DESCRIPTION OF THE TASK: Repeat, line for line, only the span that opens at the "Babylino Windelhosen Sensitive" line and closes at the final line below. Skip the pictures.

Short descriptive text snippets
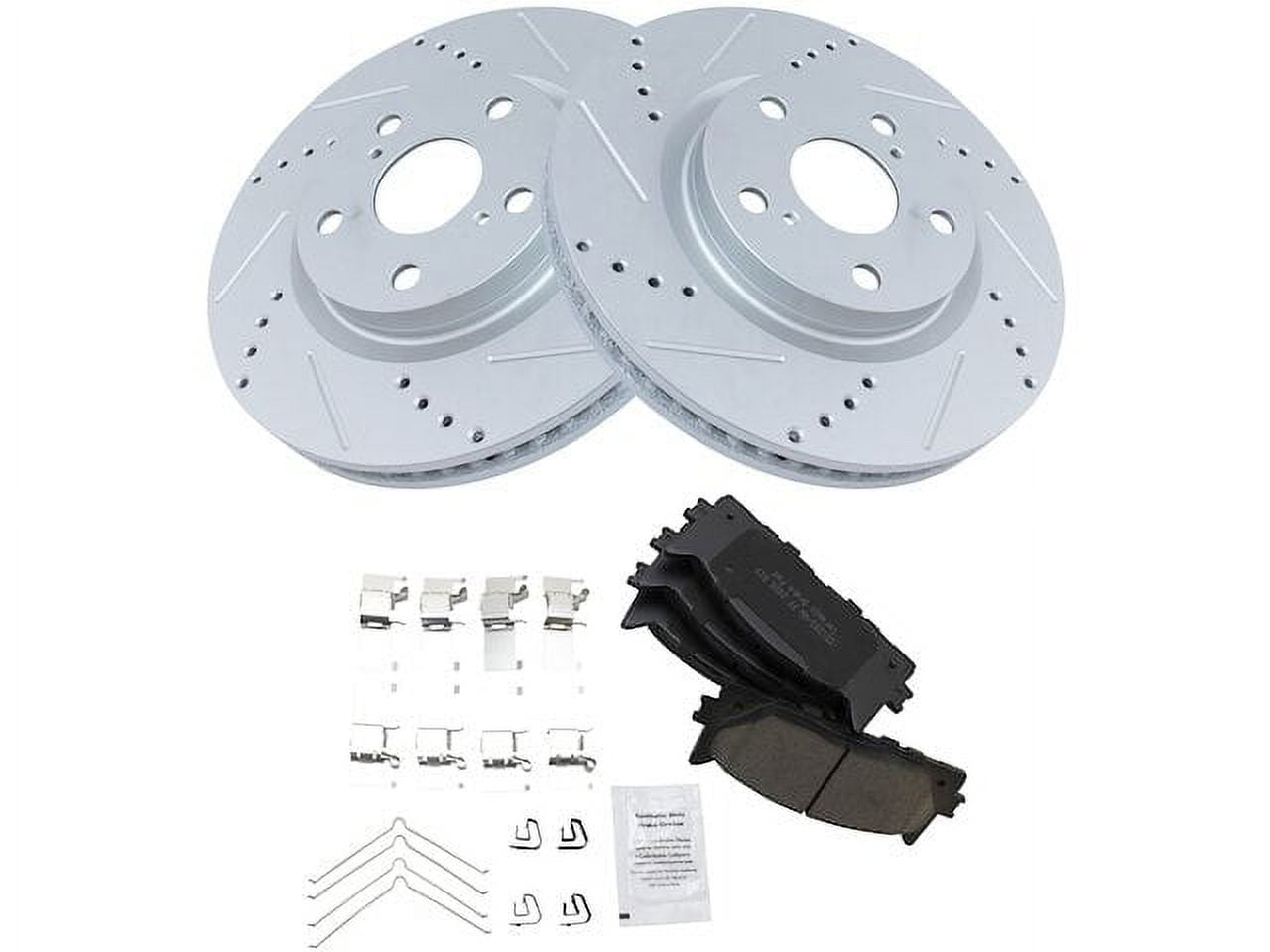 Front Brake Pad and Rotor Kit Compatible with 2007 2017 Toyota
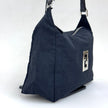 Fendi Borsa a Spalla FF Zucca in Nylon Nero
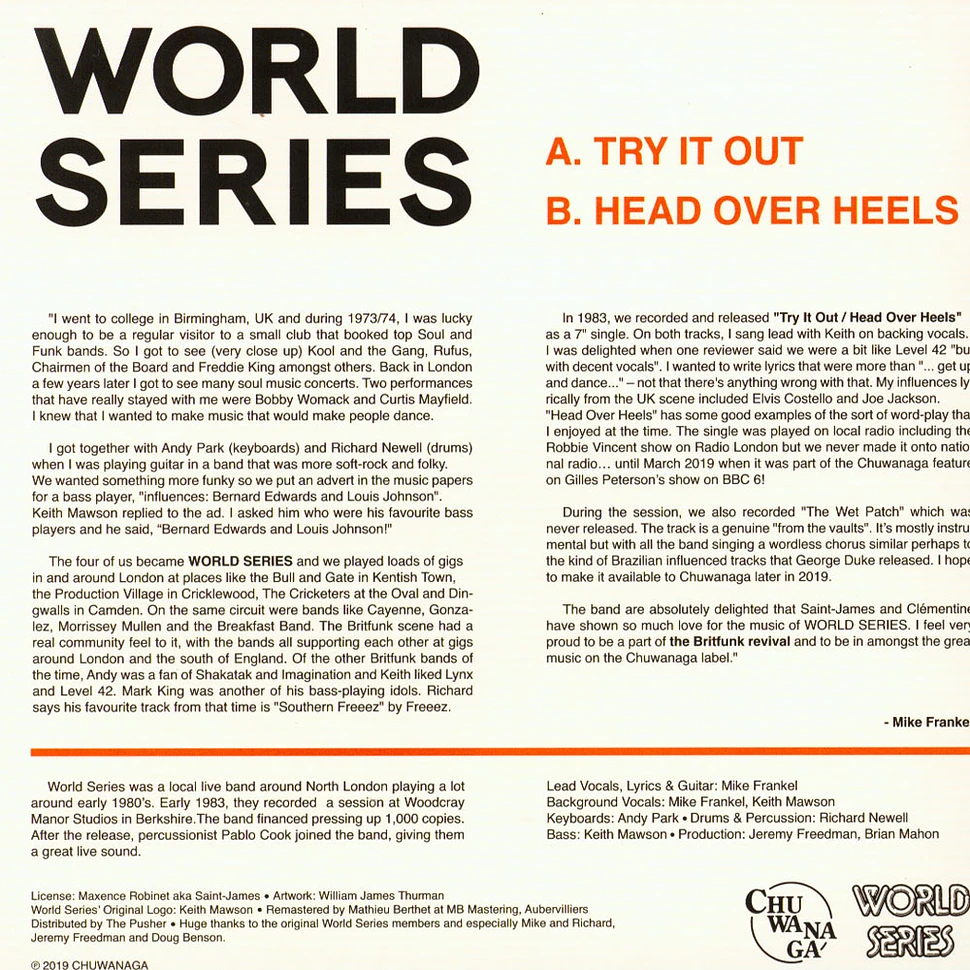 World Series - Try It Out / Head Over Heels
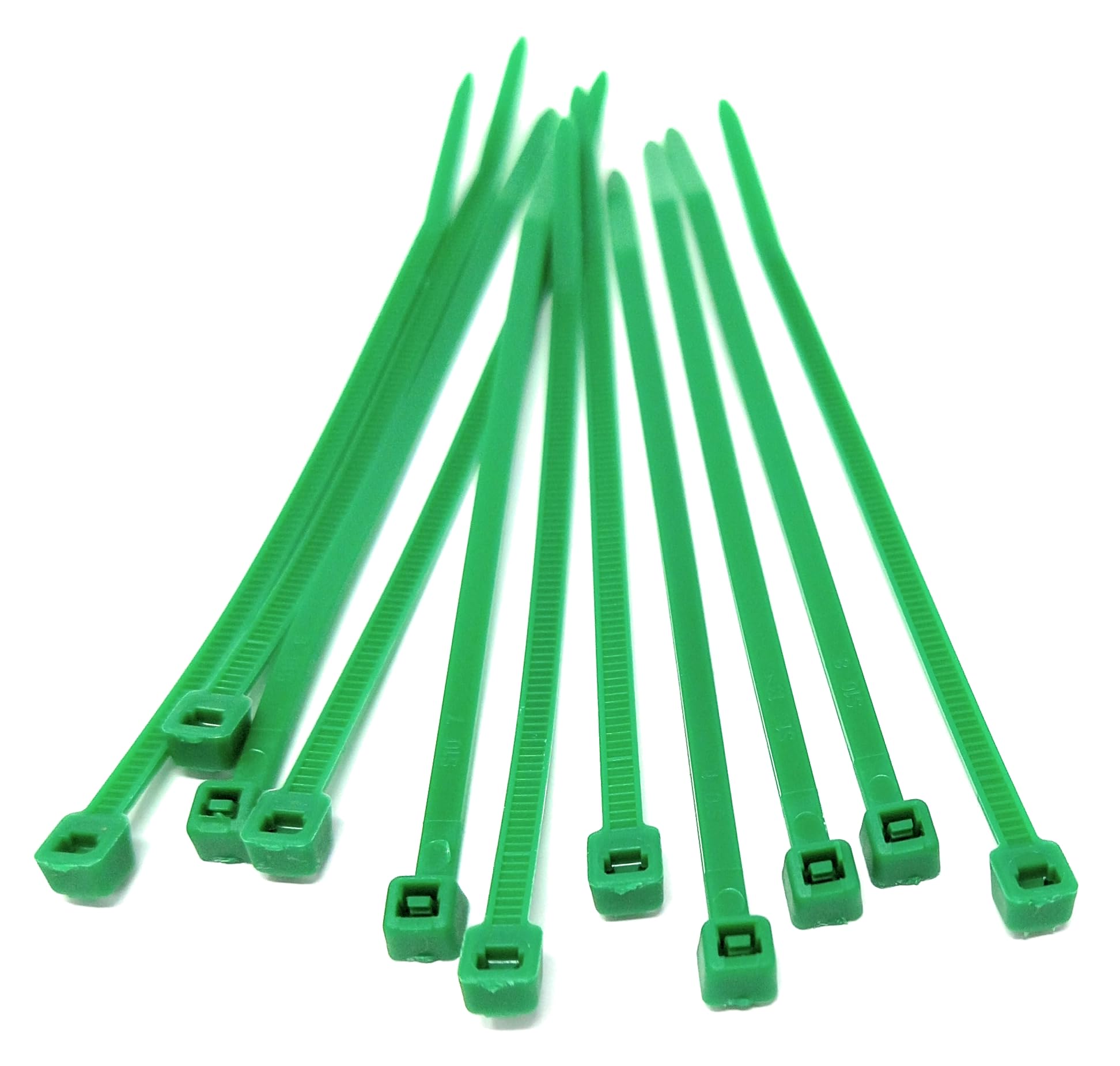 Nylon Cable Ties, 100mm x 2.5mm, Pack of 100, Plastic Zip Tie Wraps, Self-Locking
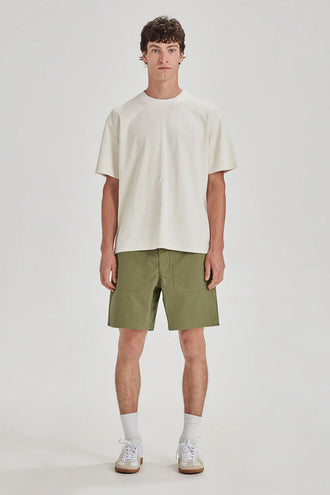 Commoners Drill Utility Shorts - Khaki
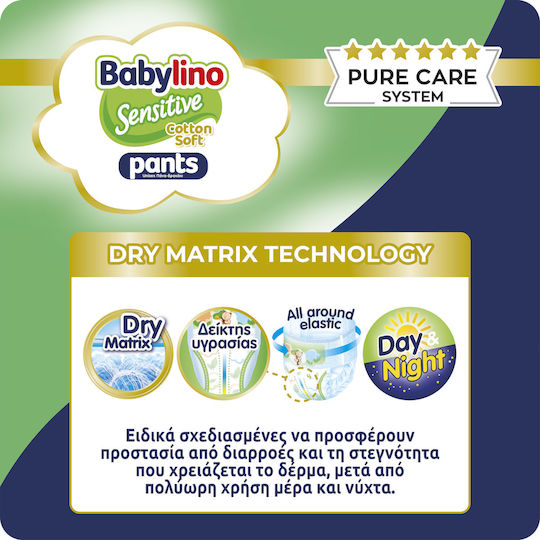 Babylino Windelhosen Sensitive Cotton Soft Nr. 8 für 20+ kgkg 104cm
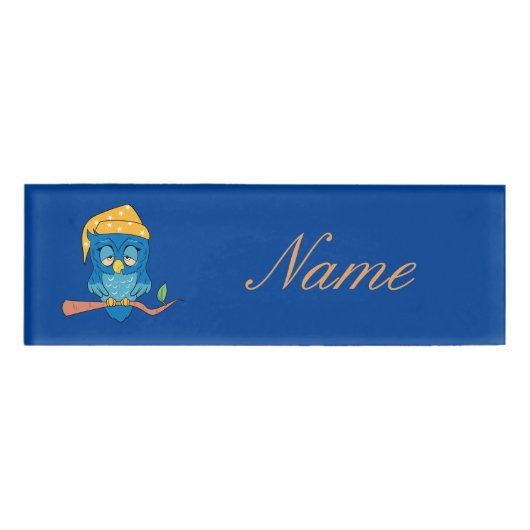 Schlaue Owl Thunder_Cove Namenschild (Vorderseite)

WRITTEN SOLUTION:
 Babylino Windelhosen Sensitive Cotton Soft Nr. 8 für 20+ kgkg 104cm
 Schlaue Owl Thunder_Cove Namenschild (Vorderseite)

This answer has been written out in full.